In tensorflow tf.einsum() can be used for matrix multiplications. For example, consider I have two tensors A(dim=100,28,28,512) and B(dim=100,28,28,512). I am using tf.einsum('ijkm,ijkn>imn',A,B) to multiply matrices A and B along 2nd and 3rd dimensions. Output dimension of this multiplication will be (100, 512, 512).

How does tensorflow take care of gradient backpropagation in this case??

lch
  • 2,028
  • 2
  • 25
  • 46
Abhay Doke
  • 61
  • 3
  • 7

2 Answers2

16

I disagree with strangepoop's answer, mostly in the idea that "If you understand how backprop works in those, you can desugar to understand backprop here."

einsum is an elegant operation that is more fundamental than matmul or any other tensor operation. Understanding backpropagation in matmul only amounts to understanding a special case of einsum and presents a very limited view.

In the case of a standard matmul operation:

c = einsum("ij,jk->ik", a, b)

the gradient is of c with respect to a is computed in a very simple way:

dc/da = einsum("ik,jk->ij", np.ones_like(c), b).

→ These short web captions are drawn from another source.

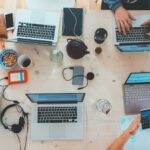 DevOps and CI/CD pipeline development on screens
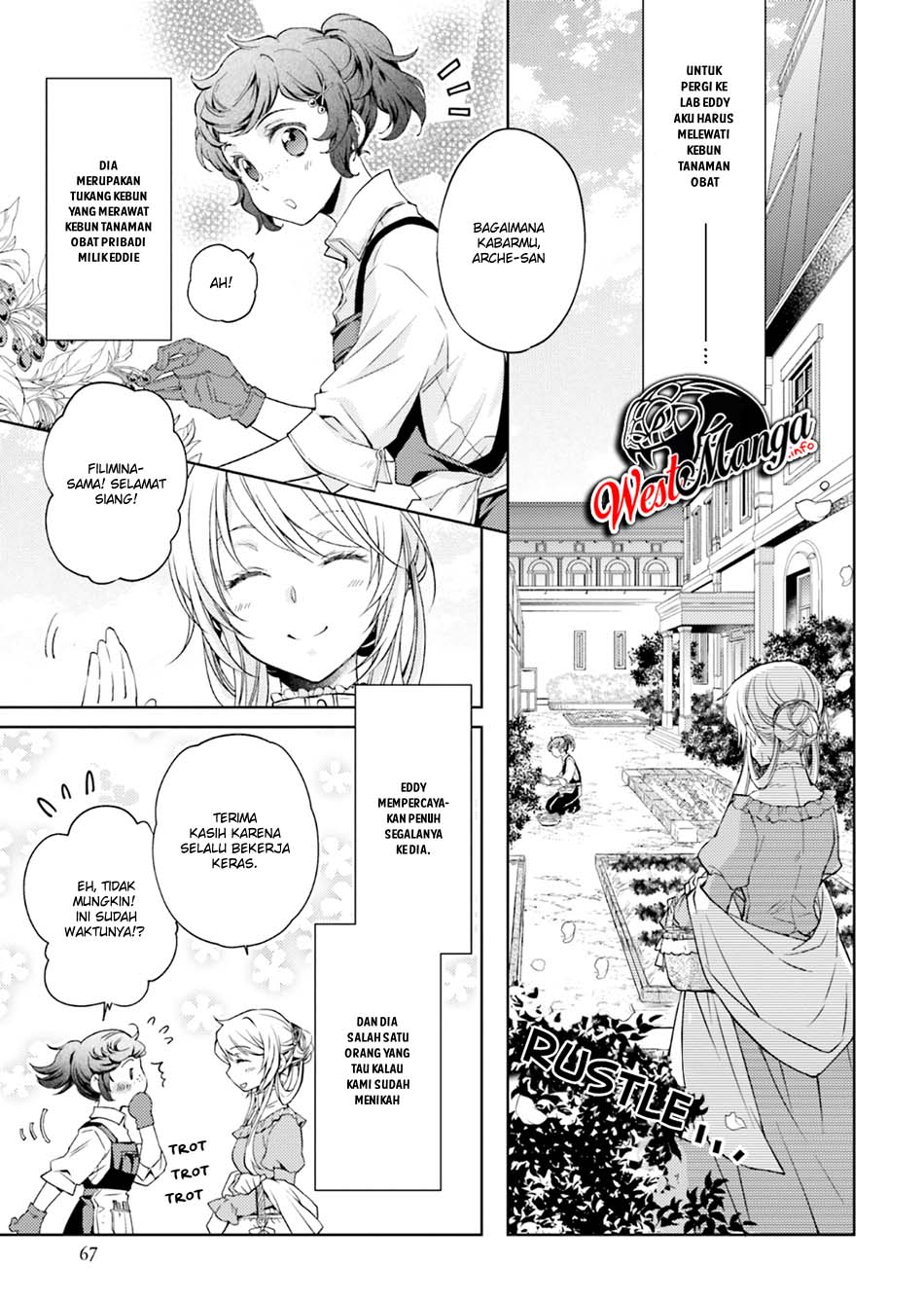 Mahoutsukai no Konyakusha Chapter 15.1 - halaman 9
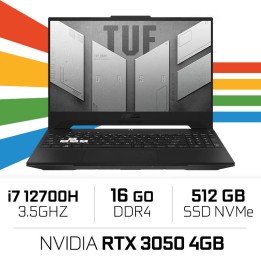 ASUS TUF DASH F15 TUF507ZC4 Intel Core i7 12700H/16GB/512GB SSD/RTX...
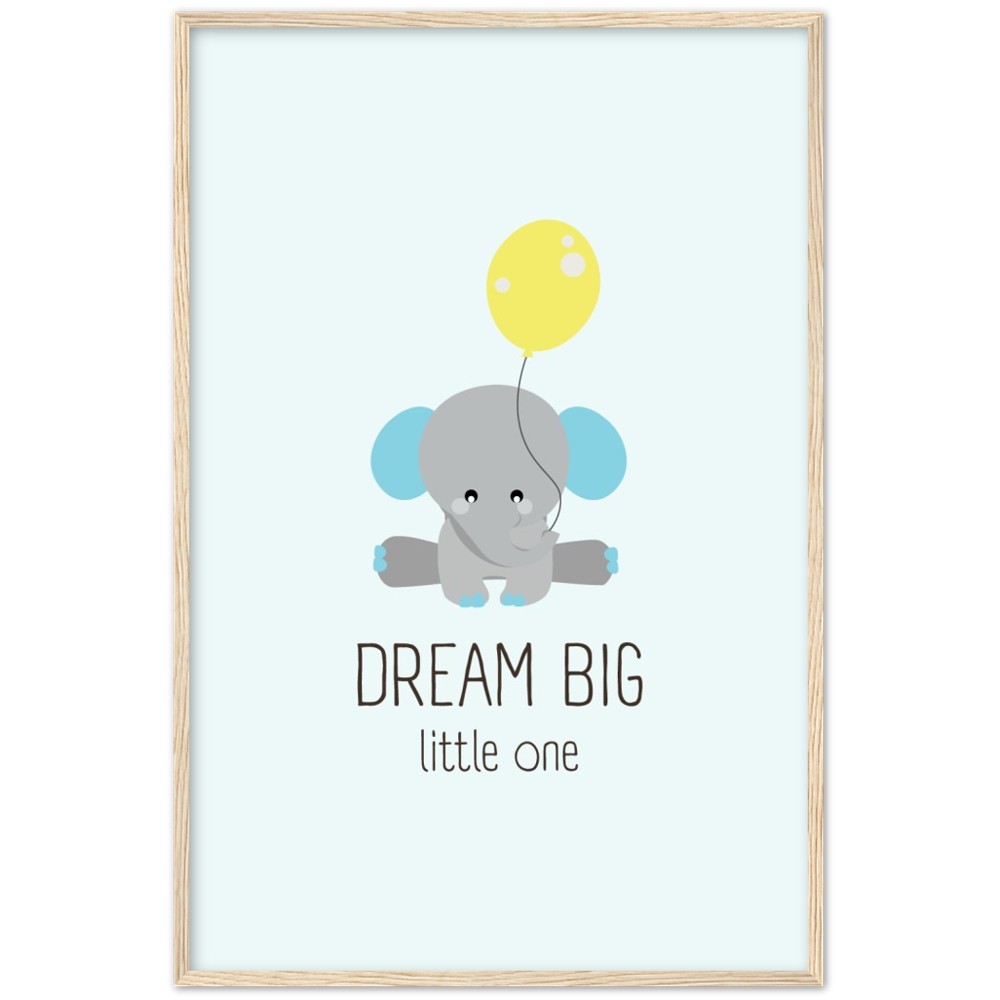 Dream Big Kids Wall Art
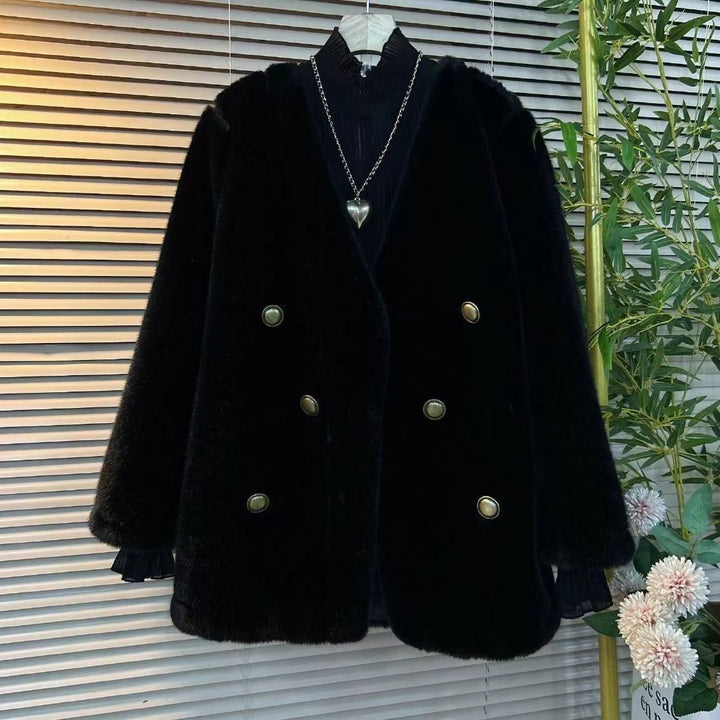 Damen Elegante Felljacke Drune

What happened here is extremely simple: we flipped the operands and corresponding strings around. In the place of a we put c and and in the place of ik we put ij. That's it.

In the case of your operation:

C = tf.einsum('ijkm,ijkn>imn',A,B)

the gradient with respect to A is just:

dc/da = tf.einsum('imn,ijkn>ijkm',np.ones_like(C),B)

The middle operand stayed the same, we just flipped the first and last operand and string.

So what's actually going on? It's a just a natural generalization of the normal multiplication operation to arbitrary tensors.

The same way in normal multiplication

e = a * b * c and de/da = de/de * b * c (where de/de is just np.ones_like(e)),

in einsum it's the same thing, except np.ones_like(e) is now a matrix of ones, instead of just being 1 and the * operation is replaced with the specific einsum string.

If you'd like to read more about it, great! I know exactly 0 resources that talk about it in this way. If you find some, please let me know :)

  • +1 Great answer and very clear. Reading up on chain rule for einstein summation online is very difficult. For practical implementation (consider your first example) if we have a loss L = f(C) then the A update will be dL/dC . dC/dA and so instead of np.ones_like(C), we would just replace that with the incoming gradient dL/dC right? – Roy Sep 01 '20 at 10:19
1

As noted here, tf.einsum is just syntactic sugar for tf.matmul and tf.multiply, If you understand how backprop works in those, you can desugar to understand backprop here.